*** GIVEN MATERIAL Section Begins ***
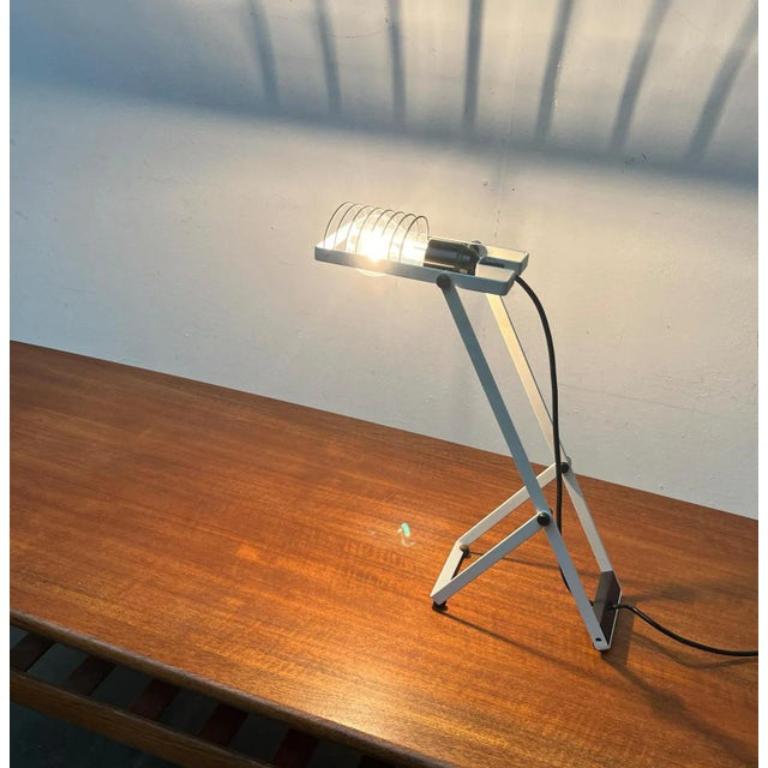 Rara lámpara de mesa de la serie Sintesi, del fabricante italiano Artemide y obra de Ernesto Gismondi.

La lámpara muestra los elementos característicos de la serie Sintesi, los puntales negros y el marco blanco con junta. La lámpara está formada
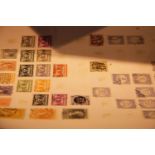 Four trays of GB and world stamps in albums (on covers) and loose including a silver jubilee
*** GIVEN MATERIAL Section Ends ***
▶ WHAT THE TASK REQUIRES
Your answer must be an exact copy of the listing, with every picture omitted.

▶ ANSWER BELOW
 Rara lámpara de mesa de la serie Sintesi, del fabricante italiano Artemide y obra de Ernesto Gismondi.

La lámpara muestra los elementos característicos de la serie Sintesi, los puntales negros y el marco blanco con junta. La lámpara está formada
 Four trays of GB and world stamps in albums (on covers) and loose including a silver jubilee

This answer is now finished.